> TRY IT
Beginning at the line containing "LIGHT AND MUSIC", give again every line through the end of the data, unchanged and with both ends included. Drop any pictures.
::: SOURCE DATA :::
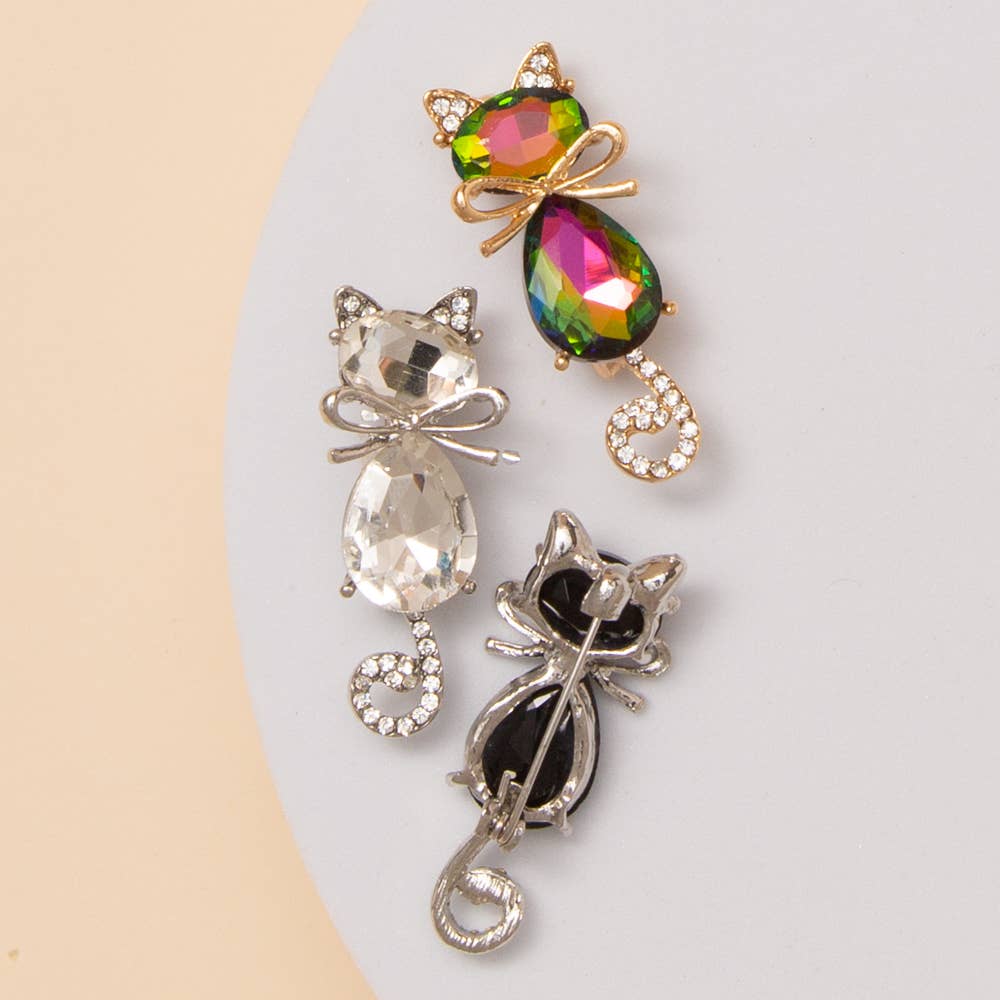 Cat Brooch Pin with Faceted Crystals and Bow Detail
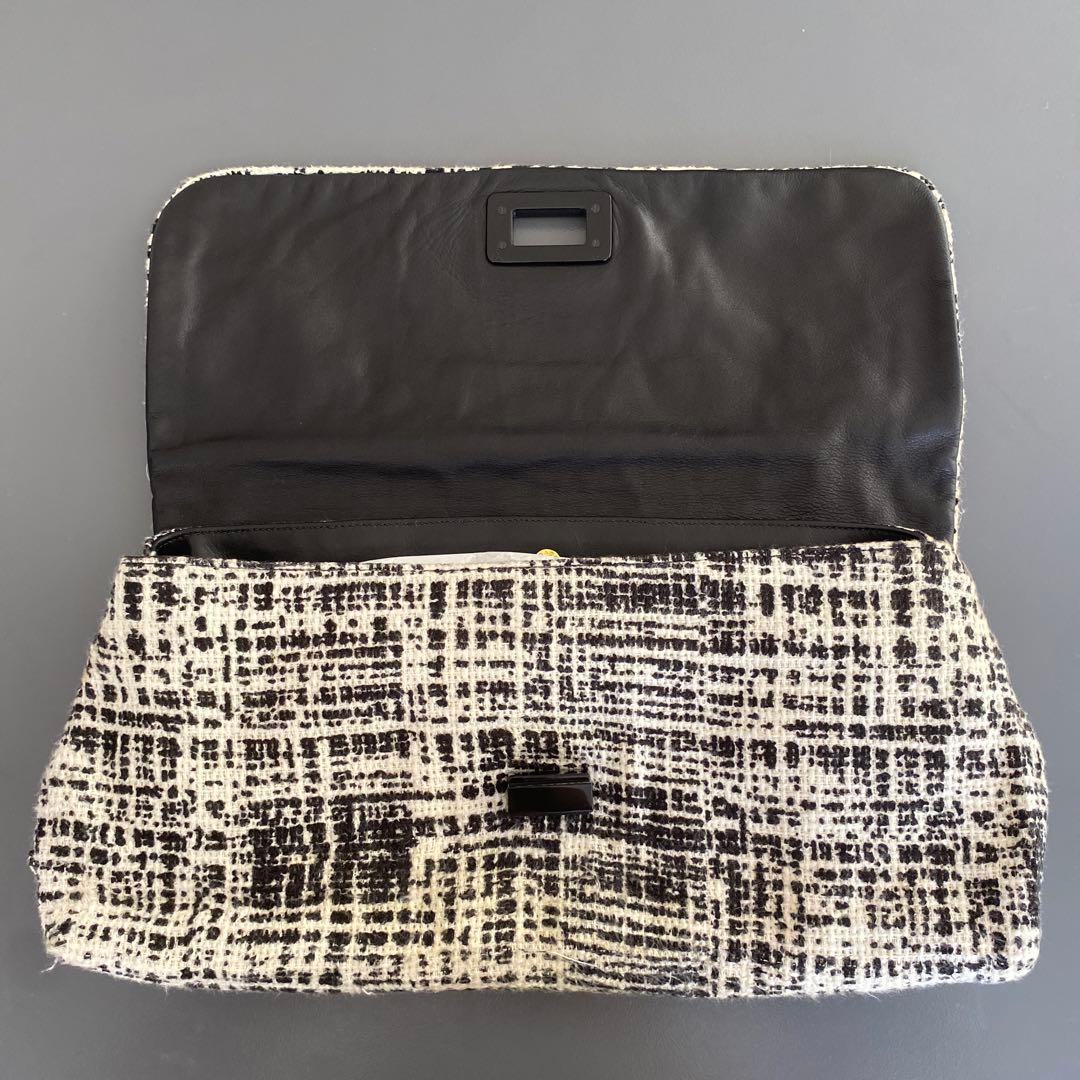 PRADA チェック柄ツイードクラッチバッグ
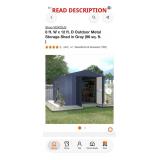 Skid Lot: metal shed, wood door, umbrella table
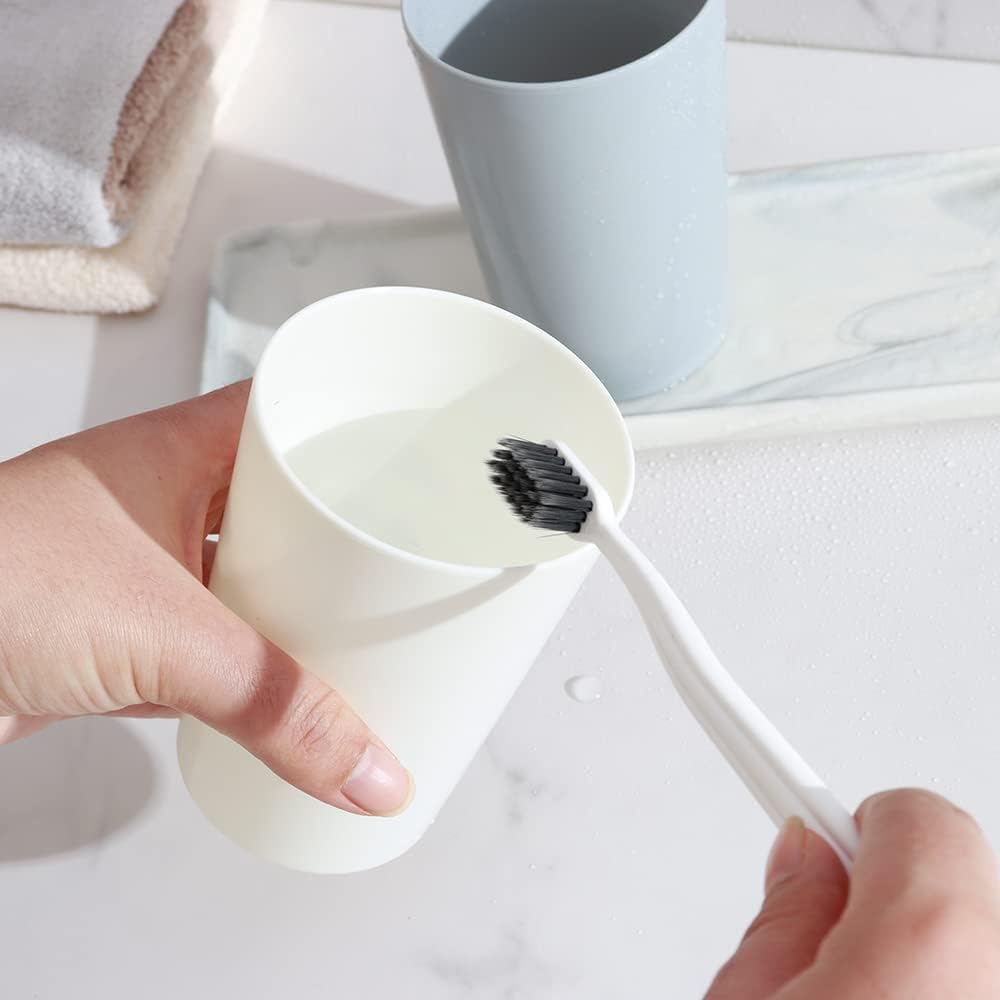 Sturdy White Plastic Tumbler with Lid Durable for Home Outdoor Use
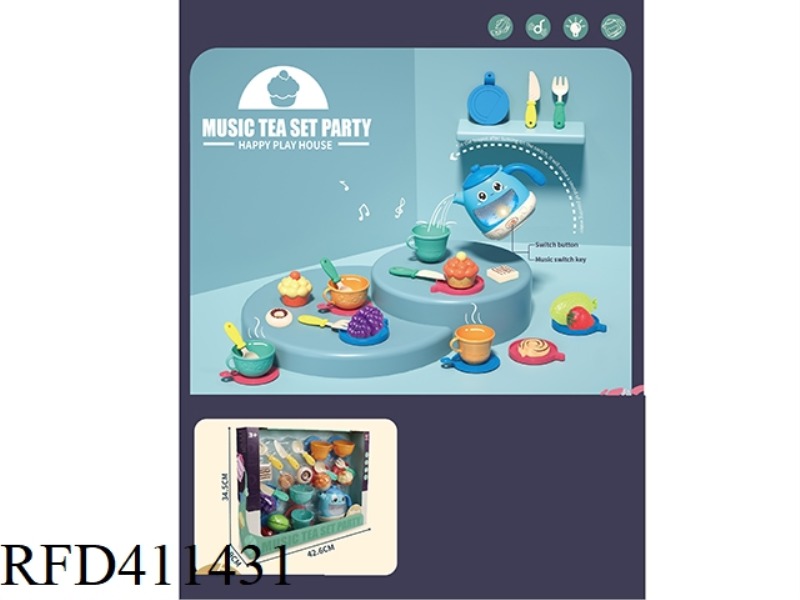 LIGHT AND MUSIC AFTERNOON TEA PARTY 30-PIECE SET (BLUE TEAPOT)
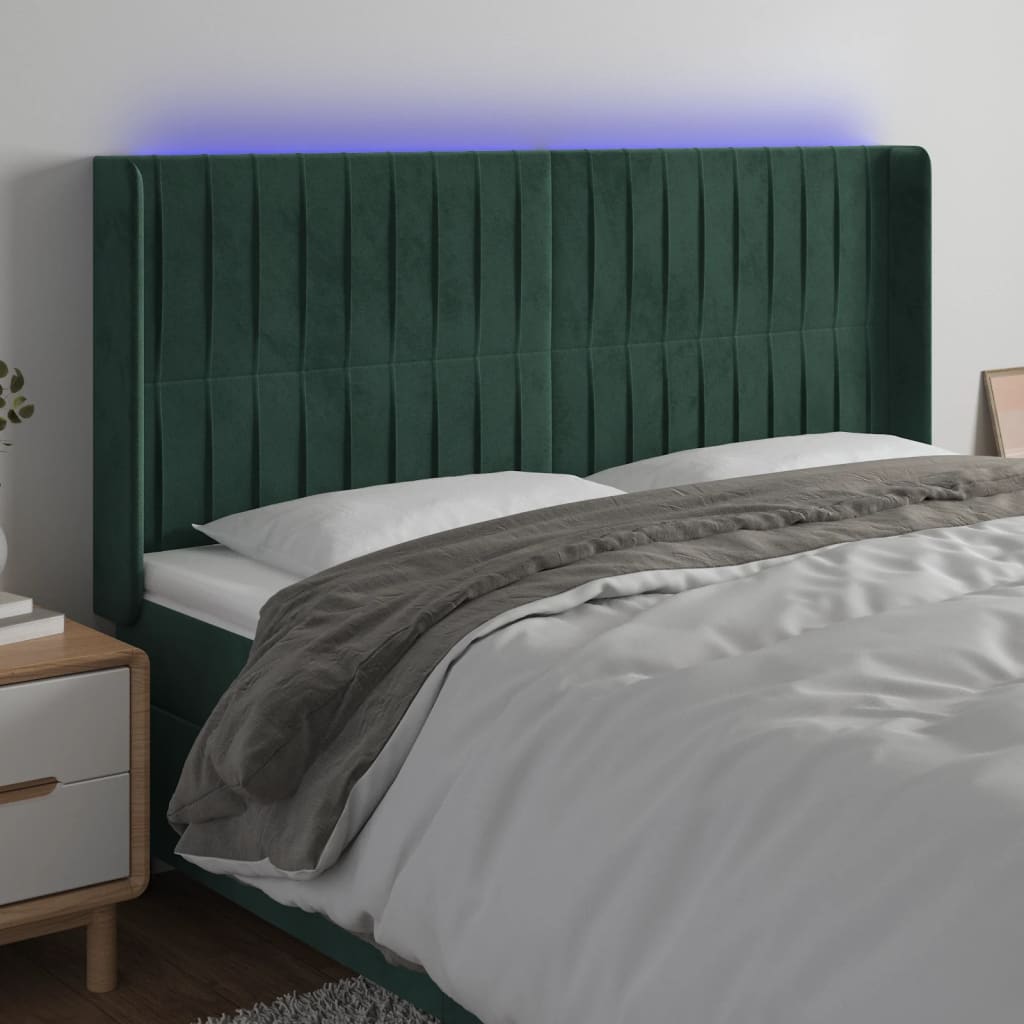 vidaXL Cabeceira de cama c/ LED veludo 163x16x118/128 cm verde-escuro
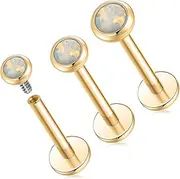 [hengkaixuan] Opal Labret Stud Earrings 16G Lip Rings G23 Titanium Tragus Conch Earring with Internal Thread Labret Jewellery Cartilage Helix Piercing Medusa Jewellery 6/8/10 mm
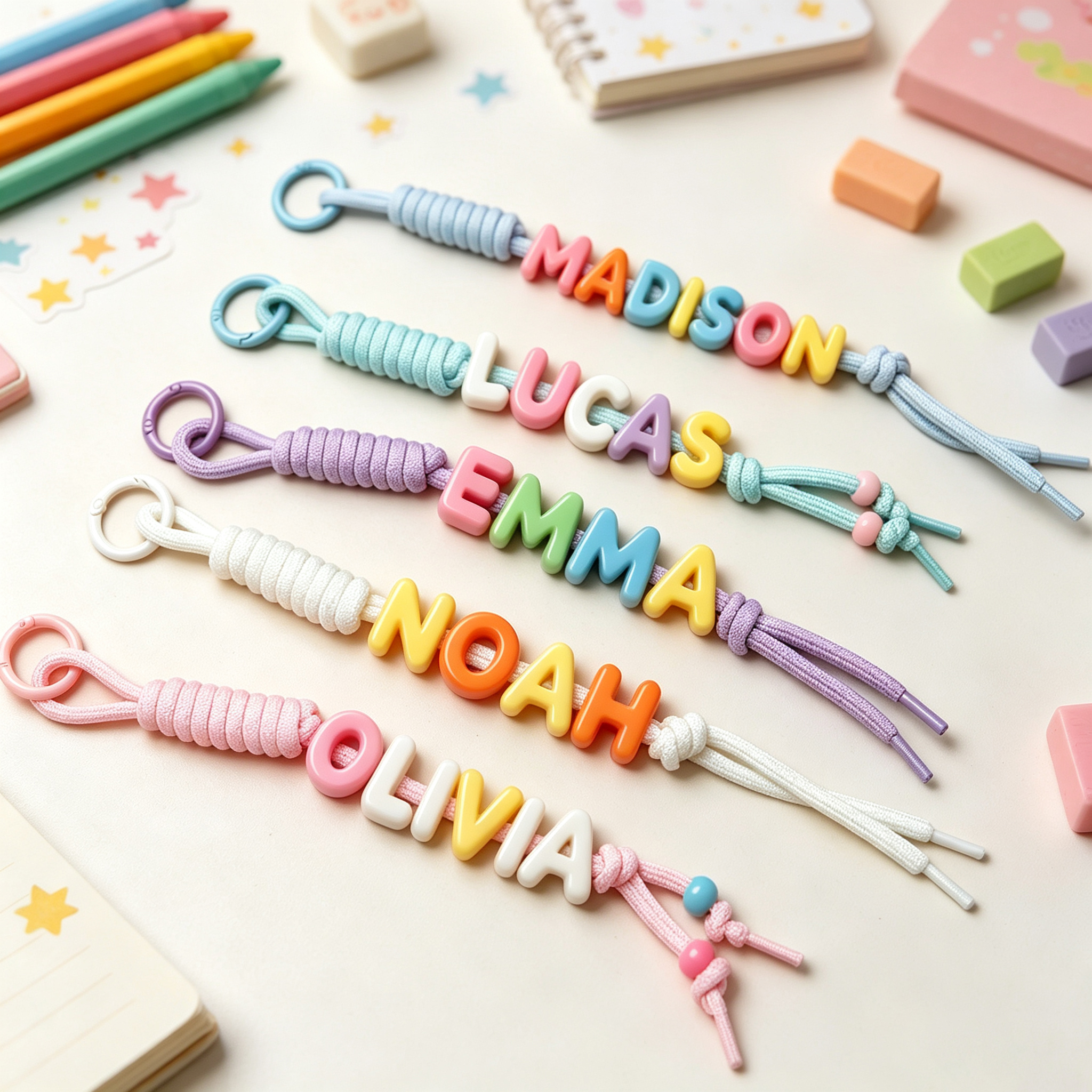 Personalized Colorful Name Letter Beaded Bag Tag | CWGift76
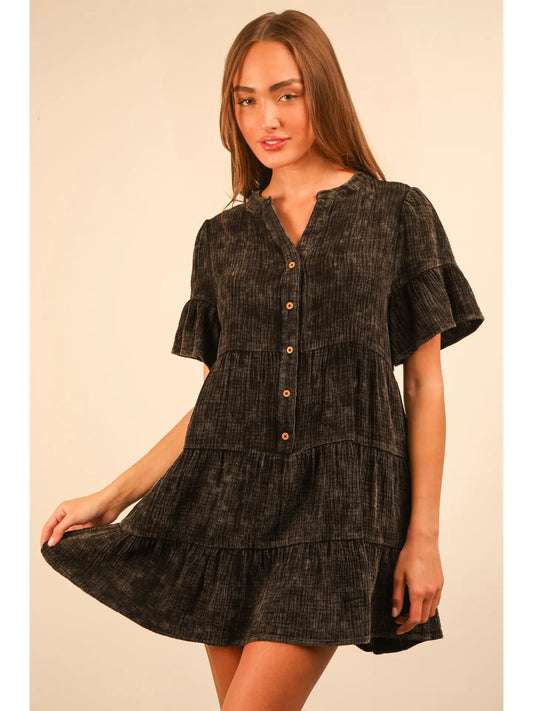 Mineral Washed Woven Mini Dress
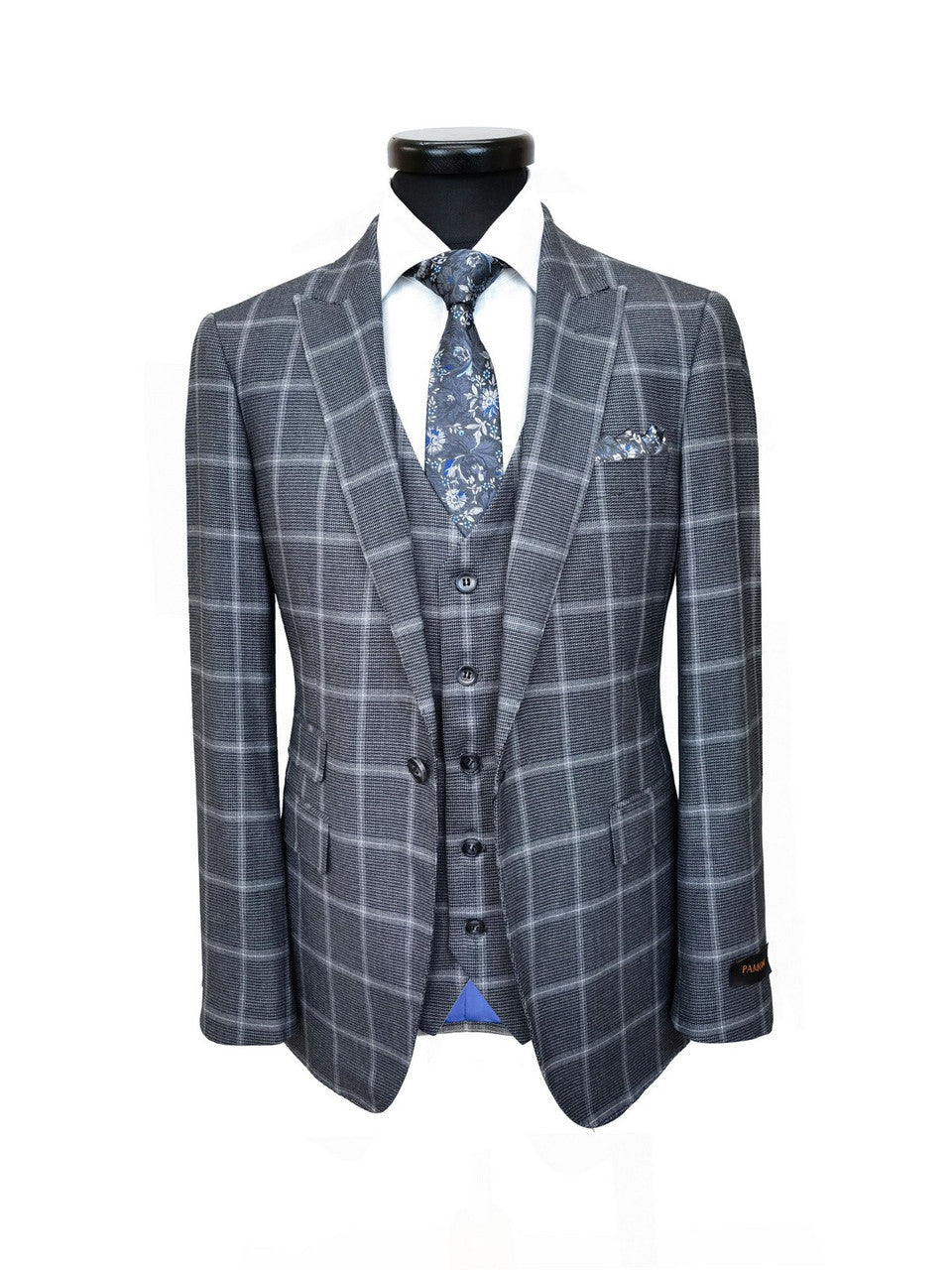 Grey Check Houndstooth 3-Piece Suit-2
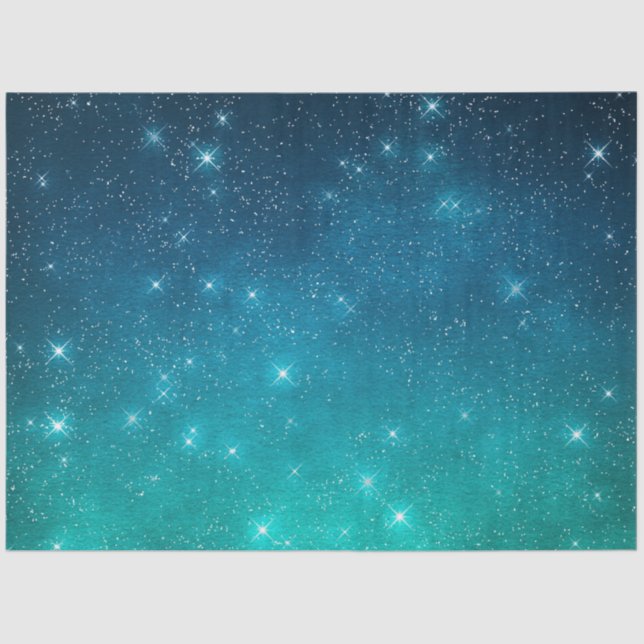 Starry twilight celestial night sky teal green seidenpapier (Vorderseite)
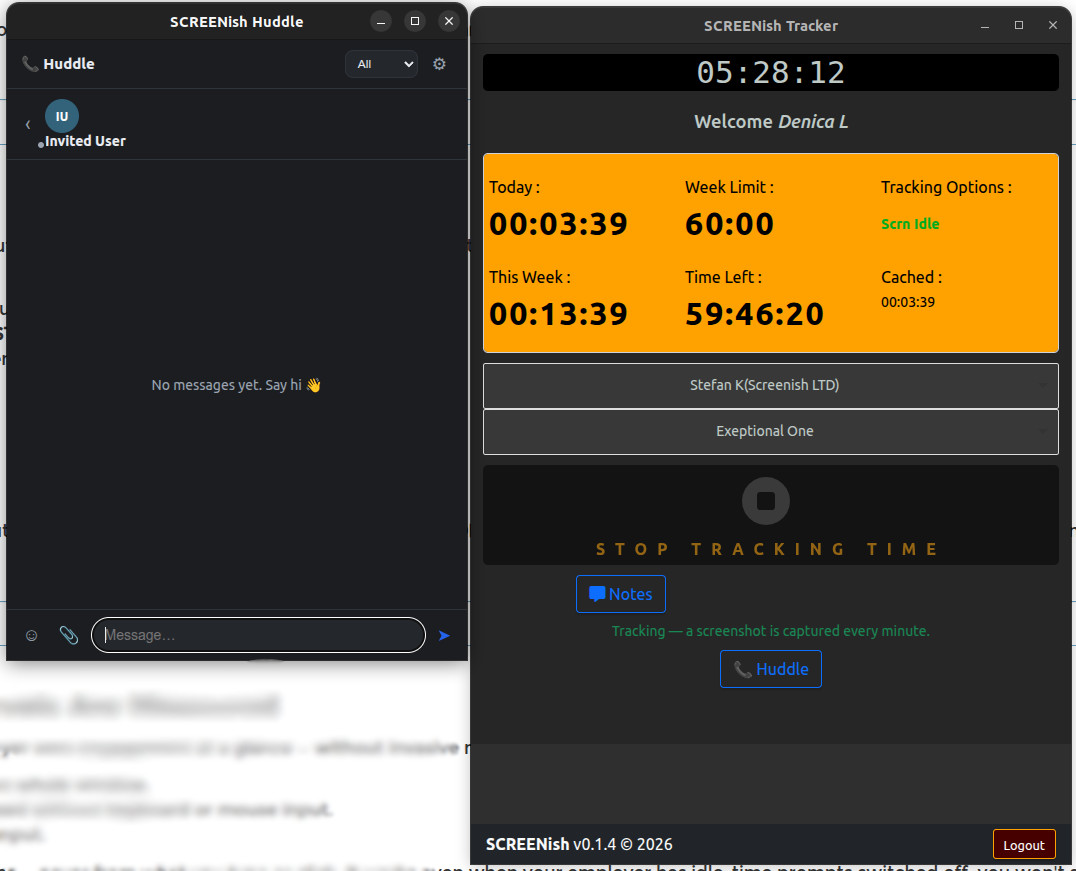 One-to-one Huddle chat in SCREENish with the message box and file attachment next to the running tracker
:::
> TASK RESPONSE
 LIGHT AND MUSIC AFTERNOON TEA PARTY 30-PIECE SET (BLUE TEAPOT)
 vidaXL Cabeceira de cama c/ LED veludo 163x16x118/128 cm verde-escuro
 [hengkaixuan] Opal Labret Stud Earrings 16G Lip Rings G23 Titanium Tragus Conch Earring with Internal Thread Labret Jewellery Cartilage Helix Piercing Medusa Jewellery 6/8/10 mm
 Personalized Colorful Name Letter Beaded Bag Tag | CWGift76
 Mineral Washed Woven Mini Dress
 Grey Check Houndstooth 3-Piece Suit-2
 Starry twilight celestial night sky teal green seidenpapier (Vorderseite)
 One-to-one Huddle chat in SCREENish with the message box and file attachment next to the running tracker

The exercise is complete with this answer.